[quote]rrjc5488 wrote:
[quote]Smashingweights wrote:
Every single top competitor has coaching. Every top level athlete in any sport has coaching. It is not “admitting you don’t know what you’re doing” it is getting outside opinions and help while having an objective viewer to oversee things.
[/quote]
I was thinking about posting something about this in X’s perception thread. If you look at what makes every great athlete, objective outide opinions to provide feedback is ABSOLUTELY NECESSARY. Geoff Colvin, in Talent is Overrated, explains how “deliberate practice” makes the best athletes excel over others, and immediate, objective feedback is a part of deliberate pracice.

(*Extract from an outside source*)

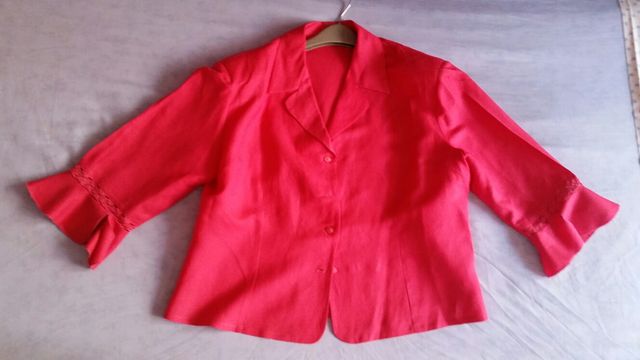 Traje mujer. Falda & Chaqueta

One thing that stands out to me with Prof X is how closed off he is to outside, differing opinions/ideas/realities. He seems to have set up a barrier that completely dismisses anything he doesn’t want to hear as bullshit. If the feedback he’s getting isn’t “great arms, X” or “Lookin’ huge, X!” he’s likely to dismiss someone saying “You’re looking more defined!” (ie, leaner) or “That shirt’s fitting you really well lately!” (ie, you might’ve gotten a little smaller.)
So really, when X is talking about limitations, he could actually be limiting himself by not accepting a NECCESSARY part of the process to become great.
It’s kinda bullshit, because it would be pretty fuckin’ sweet to see X leaned out. It’s a win/win, really. X could be ripped and Z could be THE guy who got him there. If Zraw’s trying to turn online coaching into a business, this would be fucking massive for him![/quote]
I will second or third what others have already pointed out but:
Good Post 
For a lot of lifters, myself included at a time, you get “obsessed” with numbers. You chase a number on the scale and look past some things in the mirror because of the blinders you have put on yourself while chasing a scale weight. I’m not saying this is what Professor X does it did but I have seen it and I’ve done it. It’s natural and happens for, I would be willing to bet, almost everyone.
If you can get past this mentality that is when great things happen physique wise IMO. Would X be “smaller” if he was a ripped up 200 to 210 pounds? Of course. Would he LOOK bigger? Definitely. Bodybuilding is a strange endevour. Getting smaller makes you looks bigger lol.